Tuesday, December 02, 2003

ELSEWHERE

Hmmm.. I don't know if I agree with this. Libertarians disagreeing with conservatives is nothing new: "Ask a roomful of well-read conservatives to identify the political theorists who most influenced them, and some of the following names are likely to come up: Edmund Burke, Adam Smith, Richard Weaver, F.A. Hayek, Russell Kirk, and Milton Friedman. That it would seem so natural for men from disparate philosophical traditions to appear together on such a list is a testimony to the success of the postwar American Right in forging a coherent national conservative movement out of traditionalist and libertarian elements. This makes the emerging signs that this conservative-libertarian consensus is starting to unravel all the more problematic for the Right."

How to make the world a better place: "Thousands of French diplomats from Rome to Riyadh staged an unprecedented strike Monday over budget cuts"

"When it comes to Abraham Lincoln, some of the people are fooled all of the time": Apparently Abe Lincoln never said one of his most famous quotes: "You can fool all the people some of the time and some of the people all of the time, but you cannot fool all of the people all of the time."

Jonah Goldberg has a good article on the huge improvements in quality of life that have happened over recent decades -- contrary to all the doom and gloom from the Green/Left.

NYT columnist Thomas Friedman is (of course) generally left-leaning but he is pretty explicit here about how pathetic, negative, stupid and insensitive were the "anti-war" demonstrations that greeted GWB in London.

A good article here on how Ronald Reagan changed the entire political scene -- by doing things that were unthinkable to the Left of his day.

Keith Burgess-Jackson has an hilarious collection of dumb newspaper headlines.

Should be more of it: "Clinton Baller never paid much attention to local politics, never even voted in a city election, until local ordinances got in the way of his plans to add on to his house. Unhappy with Birmingham's restrictive building code, and even more unhappy with the way city officials handled his concerns, Baller launched the Birmingham Buzz, a Web site. ... 'We were brash, we were angry, we didn't care who we (expletive) off -- and we made a difference in this city,' Baller said. On Nov. 4, the four candidates endorsed by the Buzz swept the city elections and ousted three longtime city commissioners."

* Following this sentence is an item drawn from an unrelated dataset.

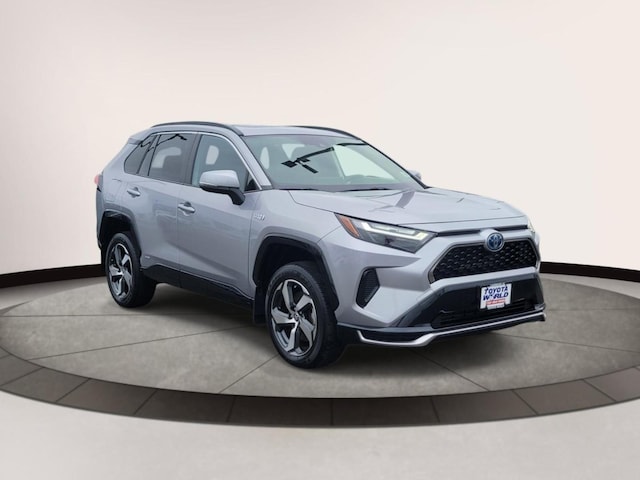 2024 Toyota RAV4 Prime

The Wicked one has just put up a feminist joke!

I spend a lot of time on this blog and in my other writings talking about the psychology of the Left. I rarely say much about the psychology of the Right. In the Introduction to my book Conservatism as heresy, however, I did discuss that topic. Just uploaded here or here.

I have also just uploaded a substantial extract from an article by another psychologist who is critical of the Leftist bias in academic psychogy. See here or here.